For the last several months our monthly Checker School columns have been featuring "gem" problems. Whether or not they were all truly "gems" is for you, our reader, to decide, but we have one last entry in the current series to present to you today. It's by S. J. Pickering and apparently first made its appearance in the old (and excellent) checker magazine Elam's Checker Board.

BLACK

WHITE
White to Play and Win

W:WK8,15,22,K26:B1,7,20,K27

White has two kings to Black's one and has a centralized position. Should be easy, shouldn't it? But checkers is subtle and complex, and the win may not be so simple.

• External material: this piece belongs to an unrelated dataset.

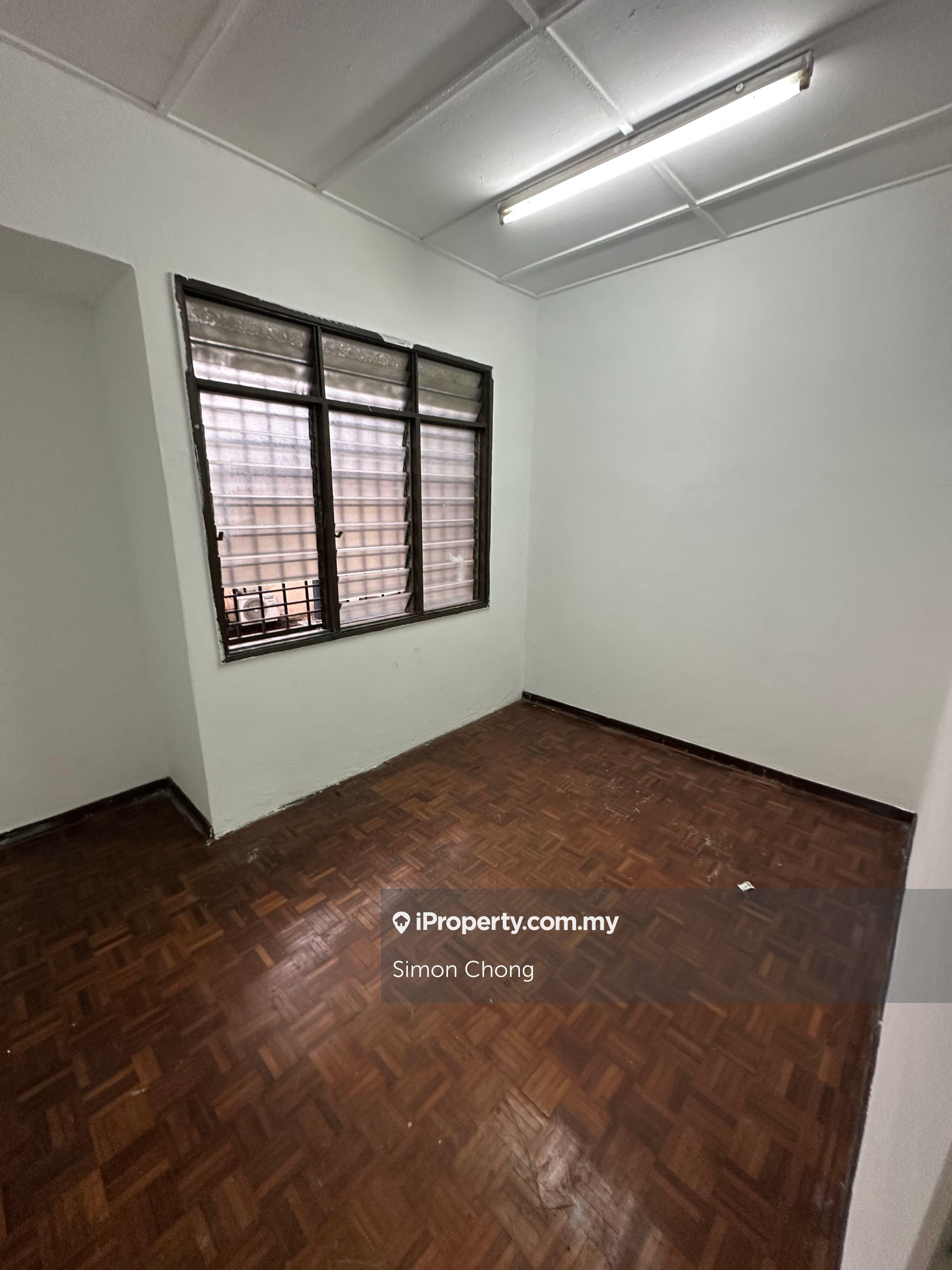 Taman putra 2 storey for sale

Does this one sparkle for you? Can you appreciate its facets? See if you can solve it and then let your mouse shine on Read More to see the solution and notes.

Solution

The published solution (with original lettered notes) indeed puts the problem into the gem category, and also represents play most likely to be taken by human competitors.

22-18---A 7-10 ---1 15x6 1x10 8-12---3 20-24---B 26-31 27-23 18-15 10x19 12-16 24-28 31-27 23x32 16x23 White Wins---2

A---Compare Wyllie's Black on 4, 12, 24; king 23; W. 11, 20, 31; king 7---W. to play and win---Lyman's Problems. See p. 17, "Familiar Themes."

B---27-31, 26-23, 20-24, 23-27, 24-28---C, 27-32, 31-26, 12-16, 26-31, 16-19, 31-26, 19-24, W. wins---Several, E.C.B.

C---31-26, 27-20, 26-23, 18-15, 10-19, 12-16, or 20-16, W. wins, Several, E.C.B.

1---Getting his man out of trouble by swapping it off.

2---A very ingenious win.

3---Correspondent Bill Salot points out an alternative win with 26-23 10-14 *23 32 14-23 *32-28 23-26 8-3 or 8-11. White Wins.

The computer solution differs but is still clever.

8-12 27-32 22-18 7-10---3 15x6 1x10 12-16 20-24 26-31 32-28 16-19 White Wins. Black must lose a piece.

3---1-6 18-14 32-27 26-22 27-32 15-11 7x16 12x19 32-27 22-18 27-32 18-23 32-28 23-27 28-32 19-23 32-28 27-32 20-24 23-18 White Wins.